I grew up just 23 miles east of St. Louis and was always of the persuasion that the ice-cream cone was invented at the 1904 World's Fair in old St. Louie. I was wrong. Wrong, wrong, wrong. Woe is me. All this time, I thought I was from cone country, the birthplace of the ice-cream cone.
Hang on a minute. Let's look at this another way. St. Louis is, after all, home of the best ice-cream cone of all time – the waffle cone! Yep, it was at the World's Fair in St. Louis in 1904, when ice-cream vendor Arnold Fornachou ran out paper serving dishes. Syrian immigrant Ernest Hamwi came to his aid, rolling up some of his waffle-like pastries, which served well as yummy ice-cream vessels.
Now I learn that the waffle-cone story might be inaccurate. No hard evidence exists to credit the storyline of that 1904 legend, according to the Missouri Historical Society, although Hamwi did end up founding the Cornucopia Waffle Company, which became the Missouri Cone Company. So, there you go, folks; St. Louis has played a role of sorts, at least, in ice-cream cone history.

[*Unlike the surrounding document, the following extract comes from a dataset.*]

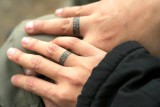 Qué saber sobre un tatuaje del anillo de la boda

History, smistory. The important thing is the mere existence of ice-cream cones – then, now and hopefully forever. The smooth creaminess and the sweet crunchiness and the exhilarating coldness all combine to create the most luscious, spectacular treat in the world of treats, desserts and goodies. Not even brain freeze can detract from the joy of devouring an ice-cream cone.

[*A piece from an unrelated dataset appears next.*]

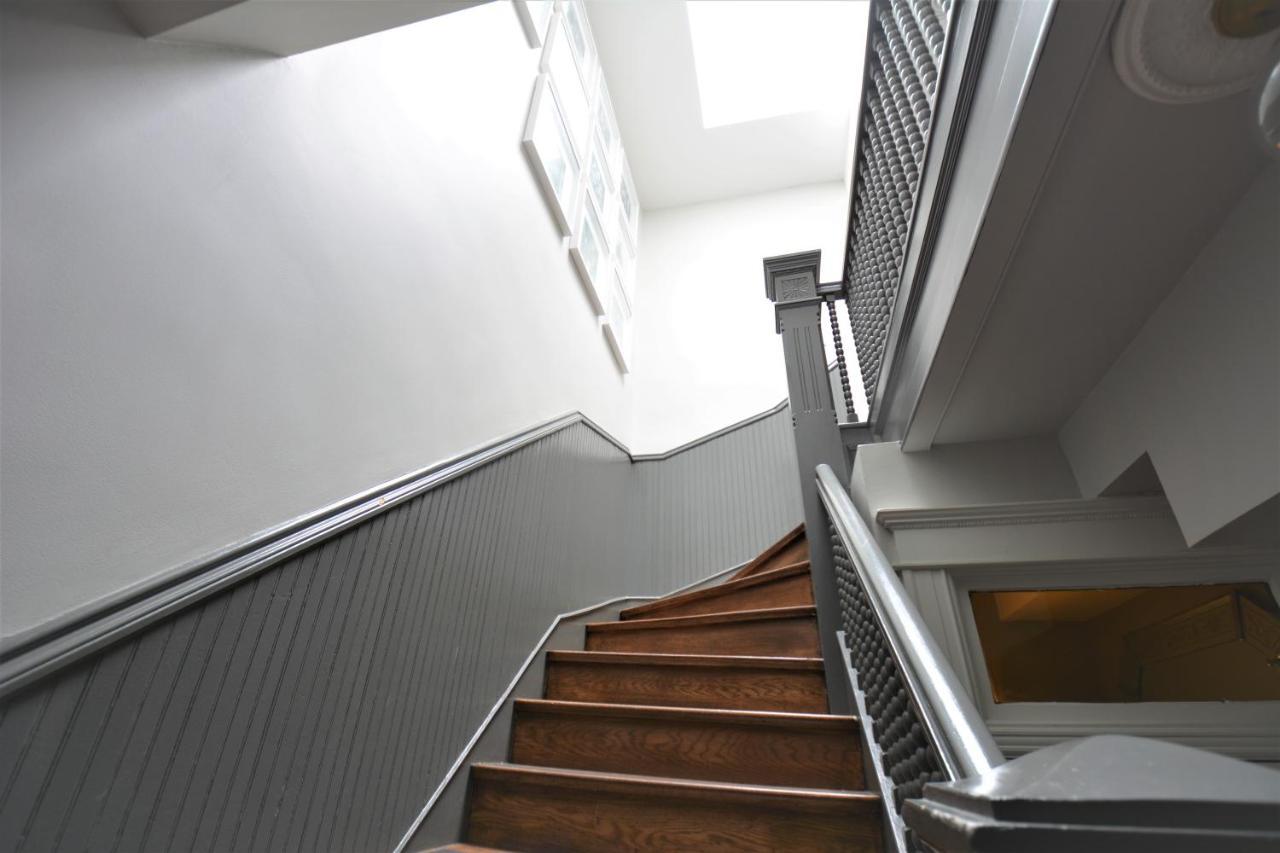 Penthouse Level, Stunning Wrigley Stay 시카고 외부 사진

In the world of ice-cream cones, you basically have your hard-cream cones and your soft-cream cones and your chocolate-dip cones. I'm a soft-cream man. I'm talking about custard or soft-serve ice cream, preferably in a waffle cone or sugar cone.
My father loved the old-fashion, custard-style, soft ice cream in a cone. When I was a boy, we stopped at little ice-cream shops along little highways all over Illinois and Missouri, sampling the local, handmade, soft-serve ice creams in different kinds of cones. Some of my best boyhood memories are about me and Dad motorcycling on hot, summer, Sunday afternoons, stopping at ice-cream shops we hadn't tried before.
I wonder how many shirts I've ruined with chocolate spots after letting the chocolate ice cream atop my cone drip before I could lick the drip and slurp it between my lips, as any experienced cone connoisseur should be able to do adeptly and easily. The out-of-control dripping usually happens under a bright sun on a broiling hot day. I know that's no excuse, so maybe I'm just a bit of a slob. But with an ice-cream cone, I'm a gloriously happy slob.
Be happy. Be sloppy if you want. It's the anniversary of the ice-cream cone. I'll take two scoops, thank you.